The charity went into liquidation in January 2007 with debts of £2.27m

The report said while board members were enthusiastic "they did not seem to pay sufficient attention to the business aspects and support structures required to keep expanding services operating effectively."

It said members "did not appear to contain adequate skills and independence of thinking to reflect the needs of a multi-million pound business".

The report also said there appeared to be "no assessment of the range of skills needed in the board and no process to ensure that appointments to the board matched the charity's requirements".

The regulator also pointed to a "lack of timely or full financial information presented to the board."

'Skills inadequate'

Much of the charity's funding was also paid in arrears, presenting it with "substantial cash flow challenges."

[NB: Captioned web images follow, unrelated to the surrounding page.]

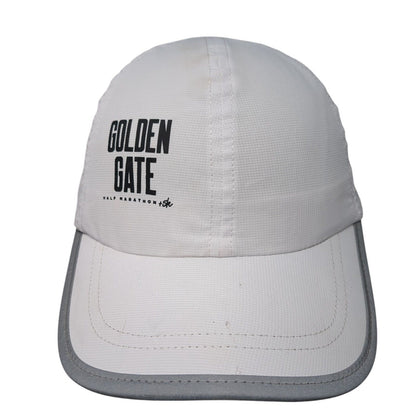 Golden Gate Half Marathon +5K Strapback Running Cap White OS Adjustable Otto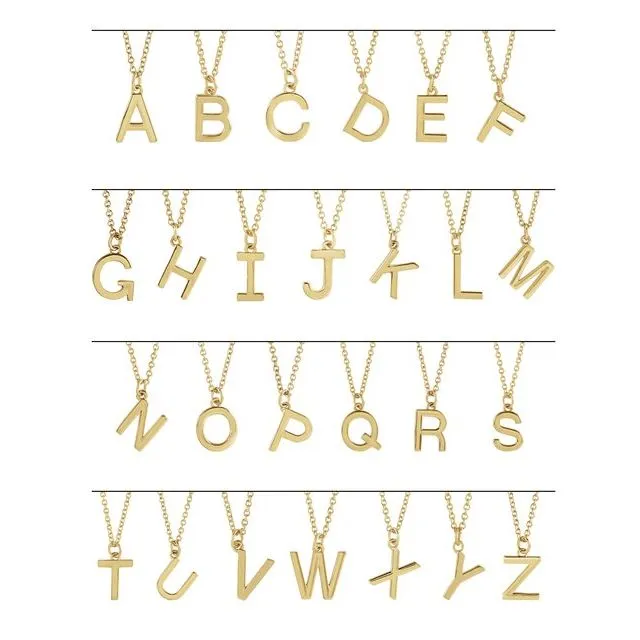 Necklaces 14K White Gold Initial X Dangle 18 Necklace TreasureFineJewelers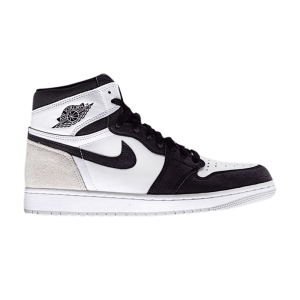 black and white shoes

The inquiry also found "a consensus of opinion" that the charity "delivered services for less than their full cost" because bosses did not think it politically acceptable to withdraw them.

The regulator also found a lack of timely or full financial information presented to the board.

It said: "The scale, skills and leadership of the finance department seems not to have been adequate for the size of the charity."

One Plus had been due to file its accounts with OSCR a month after it was placed in liquidation and that would have given warning of problems.

The previous Scottish Executive turned down a £2m rescue package for the charity which employed more than 550 people and assisted more than 1,000 families a year across the west of Scotland.